Give back the whole listing verbatim, printing none of its pictures.

--- ENTRIES PROVIDED Enclosed Below ---

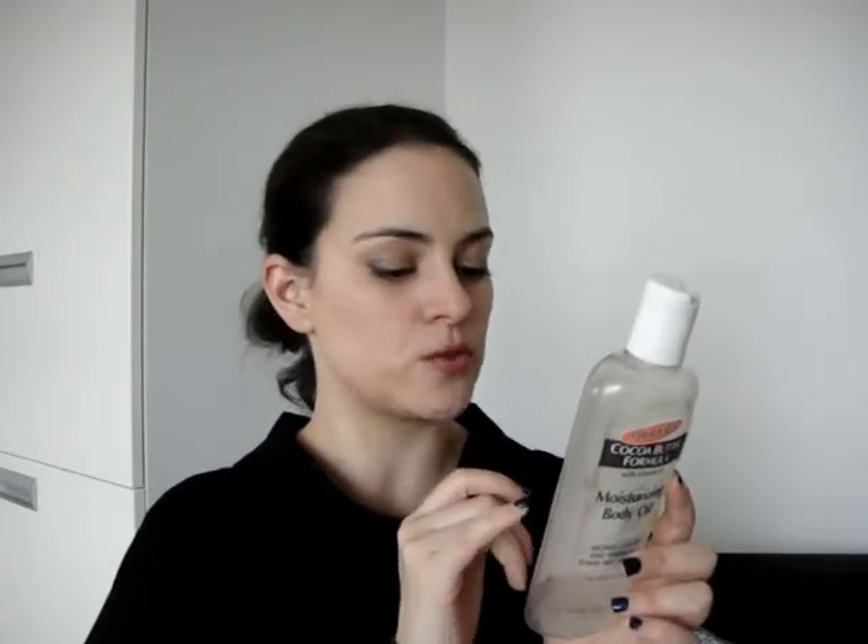Another body moisturizer I used up is the Palmer's Cocoa Butter Formula with Vitamin E Moisturizing Body Oil. This is a really affordable body oil — it does leave a residue and feels quite greasy, but I think it's a good affordable option. The main oil in it is soybean, and it also contains sesame seed oil, safflower seed oil, cocoa butter, and it has that signature Palmer's cocoa butter scent — a little bit like chocolate, but not so strong that it interferes with my perfume. I like to apply it onto wet skin as soon as I get out of the shower to lock in moisture, and I've already repurchased this.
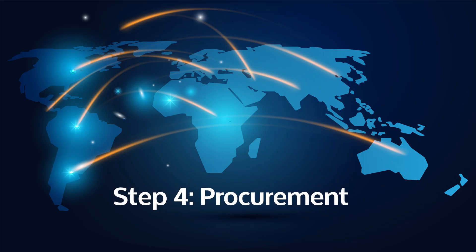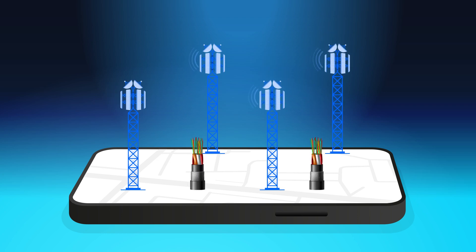Once the design is set, we move to procurement. This step involves acquiring essential materials like fiber optic cables, support structures, and any additional equipment needed for the project.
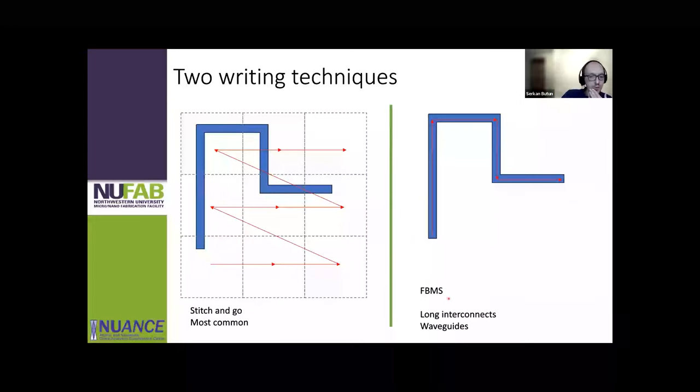To combat stitching problems for waveguides, we purchased the FBMS option — fixed beam moving stage. The beam stays stationary in the middle of the write field and the stage moves underneath it in a specific pattern to make the waveguide shape. You can choose between stitch-and-go and FBMS based on what you want to make. Typically, even for waveguides, you'll have launchers and gratings at the ends, so we mix and match these techniques.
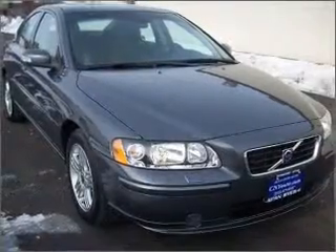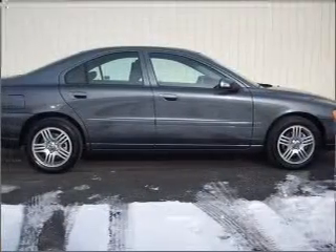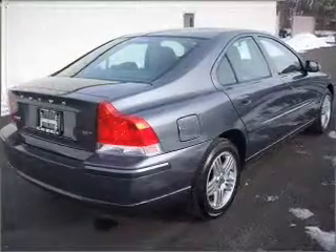Take a look at this 2009 Volvo S60 2.5T sunroof that we have at Allen Byer Volvo. This four-door sedan comes equipped with the following electronic features.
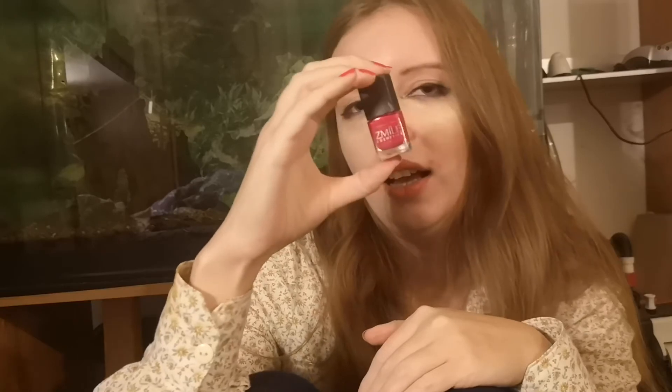Also talking about makeup, I have a nail polish here that I was using and I'm using today as well. This is a nail polish from Smile that I hope will finish in a month.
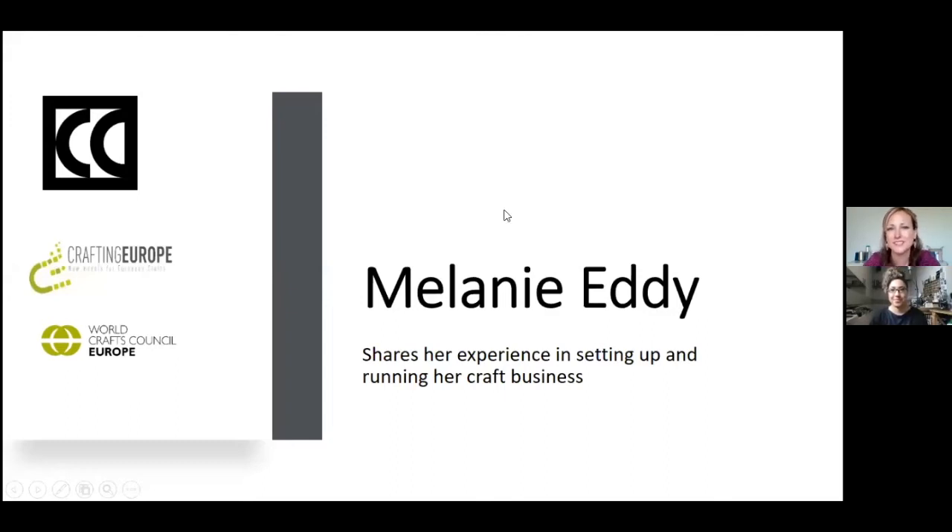Hello, my name is Rosalind Price-Cousins. I am one of the Business Skills Coordinators here at the Crafts Council, and I'm here today with Melanie Eddy, who is a jewellery designer and maker with 23 years of experience, and she is going to be talking to us about setting up and running her craft business, which I think will be really insightful for everybody.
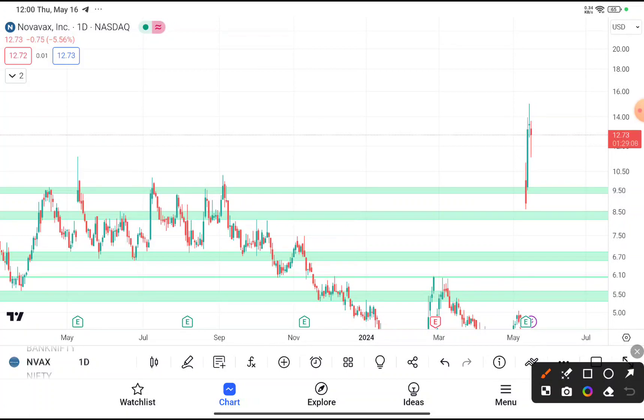Novavax is currently trading near about $12.7. If you are thinking to buy this stock, you can clearly see that at the price of $9.5 this stock faces resistance many times, and after facing that resistance every time, this stock goes on to sell off — as you can clearly see in this chart pattern.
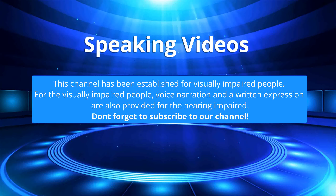This channel has been established for visually impaired people. For the visually impaired, voice narration and a written expression are also provided for the hearing impaired. Don't forget to subscribe to our channel.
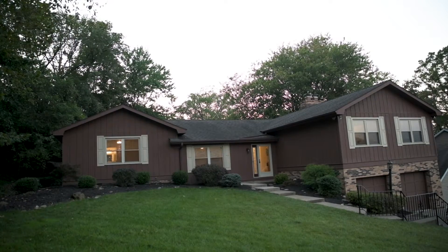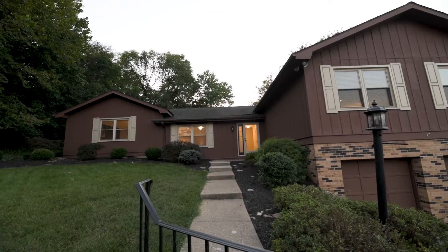Welcome to 27 Hickory Drive. This home features three bedrooms, two and a half bath, a large master suite, and a large living room.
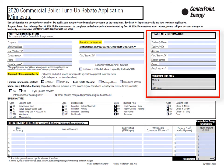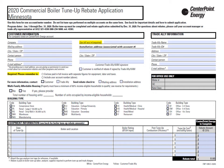The Trade Ally is the mechanical contractor, dealer, or wholesaler. If you do not know the Trade Ally ID number, please do not delay sending in your application. Follow up with your CenterPoint Energy Trade Ally representative.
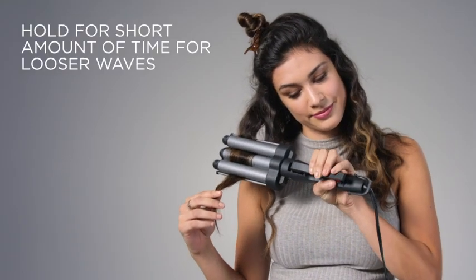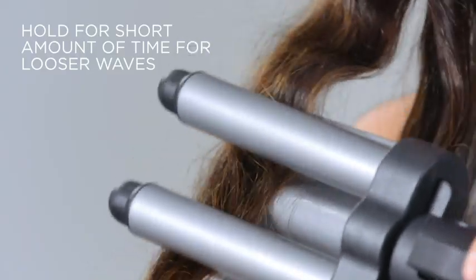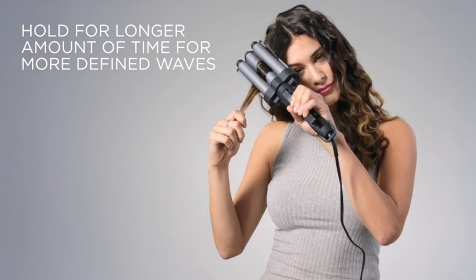Hold the Waver for a short amount of time to get looser waves, or a longer amount of time for more defined waves.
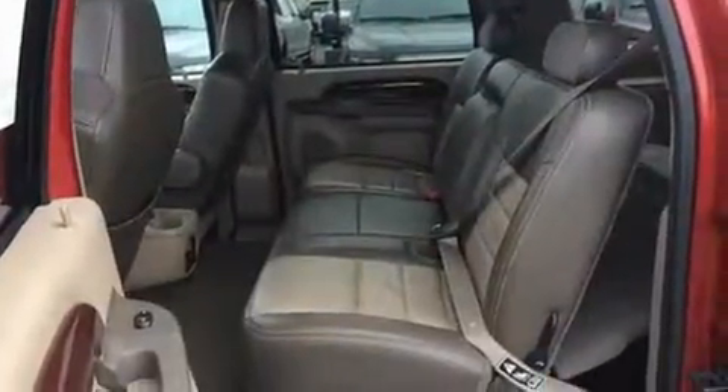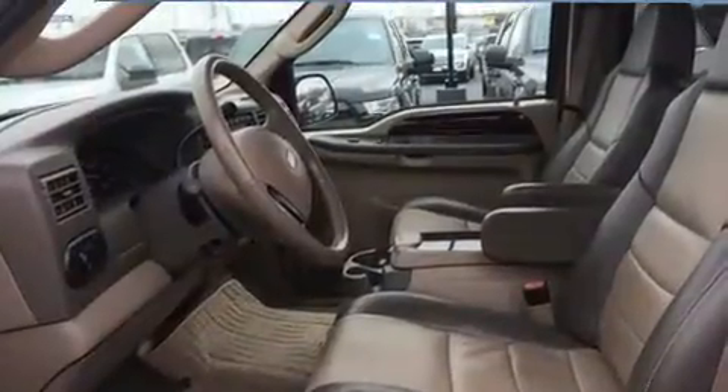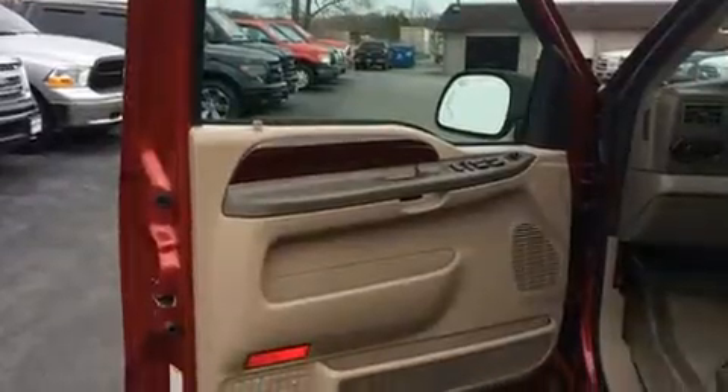Enhancing visibility, comfort, and safety, backseat passengers will appreciate the rear audio controls, allowing them to make easy adjustments to the stereo system. You and your passengers will enjoy the stereo system, which includes a CD player with AM/FM radio.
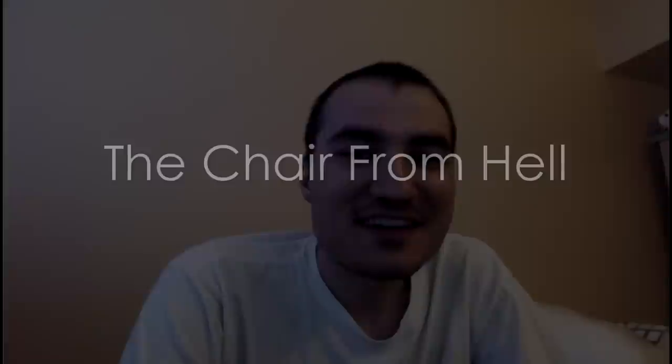Hey guys, what's going on? Kriperian here. I just want to touch up on a very interesting subject.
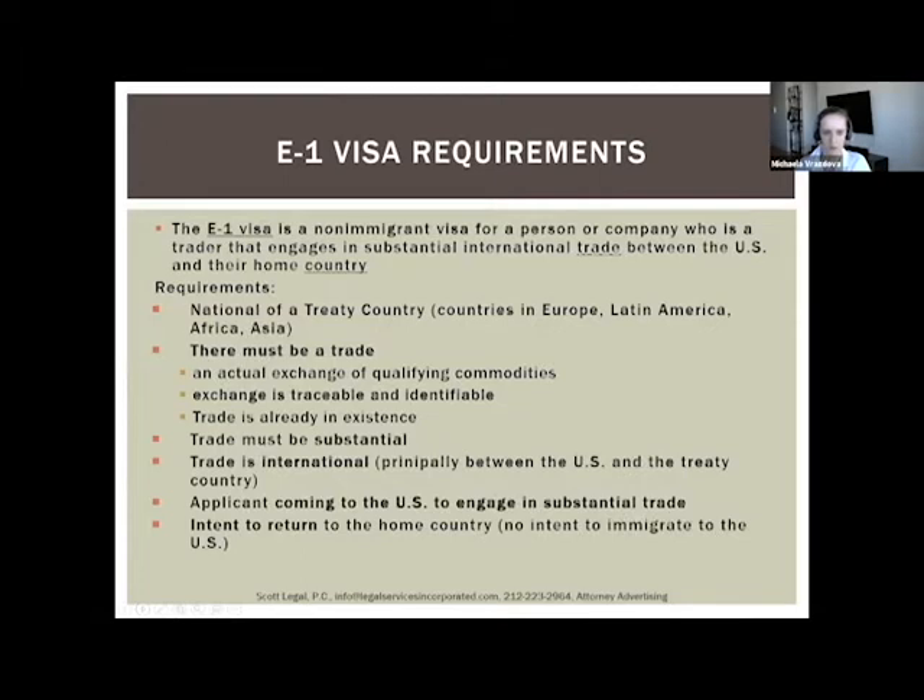Examples of E1 treaty countries include the UK, Canada, Japan, and Thailand. The second requirement is that you must demonstrate ongoing trade between the US and your home country. This has a couple of sub-requirements. First, there must be an actual exchange of qualifying commodities between the US and your home country — either goods or services.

--- End of Enclosed ENTRIES PROVIDED ---

* TASK ANSWER *
Another body moisturizer I used up is the Palmer's Cocoa Butter Formula with Vitamin E Moisturizing Body Oil. This is a really affordable body oil — it does leave a residue and feels quite greasy, but I think it's a good affordable option. The main oil in it is soybean, and it also contains sesame seed oil, safflower seed oil, cocoa butter, and it has that signature Palmer's cocoa butter scent — a little bit like chocolate, but not so strong that it interferes with my perfume. I like to apply it onto wet skin as soon as I get out of the shower to lock in moisture, and I've already repurchased this.
Once the design is set, we move to procurement. This step involves acquiring essential materials like fiber optic cables, support structures, and any additional equipment needed for the project.
To combat stitching problems for waveguides, we purchased the FBMS option — fixed beam moving stage. The beam stays stationary in the middle of the write field and the stage moves underneath it in a specific pattern to make the waveguide shape. You can choose between stitch-and-go and FBMS based on what you want to make. Typically, even for waveguides, you'll have launchers and gratings at the ends, so we mix and match these techniques.
Take a look at this 2009 Volvo S60 2.5T sunroof that we have at Allen Byer Volvo. This four-door sedan comes equipped with the following electronic features.
Also talking about makeup, I have a nail polish here that I was using and I'm using today as well. This is a nail polish from Smile that I hope will finish in a month.
Hello, my name is Rosalind Price-Cousins. I am one of the Business Skills Coordinators here at the Crafts Council, and I'm here today with Melanie Eddy, who is a jewellery designer and maker with 23 years of experience, and she is going to be talking to us about setting up and running her craft business, which I think will be really insightful for everybody.
Novavax is currently trading near about $12.7. If you are thinking to buy this stock, you can clearly see that at the price of $9.5 this stock faces resistance many times, and after facing that resistance every time, this stock goes on to sell off — as you can clearly see in this chart pattern.
This channel has been established for visually impaired people. For the visually impaired, voice narration and a written expression are also provided for the hearing impaired. Don't forget to subscribe to our channel.
Welcome to 27 Hickory Drive. This home features three bedrooms, two and a half bath, a large master suite, and a large living room.
The Trade Ally is the mechanical contractor, dealer, or wholesaler. If you do not know the Trade Ally ID number, please do not delay sending in your application. Follow up with your CenterPoint Energy Trade Ally representative.
Hold the Waver for a short amount of time to get looser waves, or a longer amount of time for more defined waves.
Enhancing visibility, comfort, and safety, backseat passengers will appreciate the rear audio controls, allowing them to make easy adjustments to the stereo system. You and your passengers will enjoy the stereo system, which includes a CD player with AM/FM radio.
Hey guys, what's going on? Kriperian here. I just want to touch up on a very interesting subject.
Examples of E1 treaty countries include the UK, Canada, Japan, and Thailand. The second requirement is that you must demonstrate ongoing trade between the US and your home country. This has a couple of sub-requirements. First, there must be an actual exchange of qualifying commodities between the US and your home country — either goods or services.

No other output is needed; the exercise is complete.